--- Prompt ---
Here is the task for the records below: repeat exactly the lines from the one with "Kelengkapan Jukir di" to the one with "image for item", both included, and nothing else.

(Short web captions)
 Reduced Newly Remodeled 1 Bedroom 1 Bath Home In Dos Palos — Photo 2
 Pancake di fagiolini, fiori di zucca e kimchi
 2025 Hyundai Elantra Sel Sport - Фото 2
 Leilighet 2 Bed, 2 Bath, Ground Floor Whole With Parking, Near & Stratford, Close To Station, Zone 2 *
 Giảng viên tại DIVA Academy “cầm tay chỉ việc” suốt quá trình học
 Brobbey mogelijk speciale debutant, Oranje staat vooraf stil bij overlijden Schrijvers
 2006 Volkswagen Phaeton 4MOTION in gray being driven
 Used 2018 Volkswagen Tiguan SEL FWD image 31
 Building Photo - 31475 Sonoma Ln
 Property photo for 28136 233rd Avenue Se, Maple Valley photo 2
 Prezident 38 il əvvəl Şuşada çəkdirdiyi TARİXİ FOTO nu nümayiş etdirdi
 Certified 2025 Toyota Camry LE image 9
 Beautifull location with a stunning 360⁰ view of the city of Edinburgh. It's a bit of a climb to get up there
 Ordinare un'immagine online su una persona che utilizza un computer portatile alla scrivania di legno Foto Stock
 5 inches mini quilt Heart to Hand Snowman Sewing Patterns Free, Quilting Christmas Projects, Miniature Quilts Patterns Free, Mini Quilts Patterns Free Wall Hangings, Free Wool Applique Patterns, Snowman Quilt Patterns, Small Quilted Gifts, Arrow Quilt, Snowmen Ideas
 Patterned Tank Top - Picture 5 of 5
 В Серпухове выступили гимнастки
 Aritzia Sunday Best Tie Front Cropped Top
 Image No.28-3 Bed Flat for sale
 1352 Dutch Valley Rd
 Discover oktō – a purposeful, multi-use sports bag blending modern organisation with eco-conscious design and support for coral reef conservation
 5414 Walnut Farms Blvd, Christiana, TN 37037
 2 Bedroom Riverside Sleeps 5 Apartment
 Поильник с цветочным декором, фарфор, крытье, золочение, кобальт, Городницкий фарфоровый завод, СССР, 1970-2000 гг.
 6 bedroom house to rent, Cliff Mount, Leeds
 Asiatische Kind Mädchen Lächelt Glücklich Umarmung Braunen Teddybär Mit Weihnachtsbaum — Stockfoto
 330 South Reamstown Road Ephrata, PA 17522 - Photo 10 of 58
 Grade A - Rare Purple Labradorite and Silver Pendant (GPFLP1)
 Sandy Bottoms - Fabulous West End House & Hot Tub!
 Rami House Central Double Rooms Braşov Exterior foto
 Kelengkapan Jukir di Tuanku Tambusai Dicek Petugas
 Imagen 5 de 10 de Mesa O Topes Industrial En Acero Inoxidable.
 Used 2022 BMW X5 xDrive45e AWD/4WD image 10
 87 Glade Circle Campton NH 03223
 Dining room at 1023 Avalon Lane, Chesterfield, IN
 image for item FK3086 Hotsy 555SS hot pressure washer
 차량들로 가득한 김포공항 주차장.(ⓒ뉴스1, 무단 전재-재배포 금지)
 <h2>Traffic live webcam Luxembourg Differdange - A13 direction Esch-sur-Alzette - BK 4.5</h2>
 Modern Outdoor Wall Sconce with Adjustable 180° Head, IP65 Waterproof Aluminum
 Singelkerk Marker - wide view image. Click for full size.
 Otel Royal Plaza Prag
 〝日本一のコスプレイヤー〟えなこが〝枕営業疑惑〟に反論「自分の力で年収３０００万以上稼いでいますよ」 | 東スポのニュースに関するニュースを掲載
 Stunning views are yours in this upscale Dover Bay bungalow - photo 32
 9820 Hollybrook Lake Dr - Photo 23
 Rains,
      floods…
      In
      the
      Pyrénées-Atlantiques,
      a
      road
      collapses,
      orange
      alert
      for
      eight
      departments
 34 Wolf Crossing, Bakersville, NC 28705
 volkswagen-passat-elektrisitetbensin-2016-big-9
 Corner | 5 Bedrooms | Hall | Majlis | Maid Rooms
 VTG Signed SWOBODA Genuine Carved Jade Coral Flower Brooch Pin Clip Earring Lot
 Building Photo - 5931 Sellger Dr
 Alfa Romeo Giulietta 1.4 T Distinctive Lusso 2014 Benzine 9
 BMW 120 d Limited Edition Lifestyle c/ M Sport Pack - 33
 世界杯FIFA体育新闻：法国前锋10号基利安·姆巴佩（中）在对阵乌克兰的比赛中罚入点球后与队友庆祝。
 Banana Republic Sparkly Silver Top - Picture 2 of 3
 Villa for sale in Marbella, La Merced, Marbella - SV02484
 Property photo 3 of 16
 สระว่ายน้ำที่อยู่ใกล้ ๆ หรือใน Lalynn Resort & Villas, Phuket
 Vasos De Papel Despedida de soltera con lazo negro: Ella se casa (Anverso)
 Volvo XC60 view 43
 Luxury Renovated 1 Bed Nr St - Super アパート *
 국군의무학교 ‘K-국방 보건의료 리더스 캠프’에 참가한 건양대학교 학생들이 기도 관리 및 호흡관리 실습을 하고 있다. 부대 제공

--- Your response ---
 Kelengkapan Jukir di Tuanku Tambusai Dicek Petugas
 Imagen 5 de 10 de Mesa O Topes Industrial En Acero Inoxidable.
 Used 2022 BMW X5 xDrive45e AWD/4WD image 10
 87 Glade Circle Campton NH 03223
 Dining room at 1023 Avalon Lane, Chesterfield, IN
 image for item FK3086 Hotsy 555SS hot pressure washer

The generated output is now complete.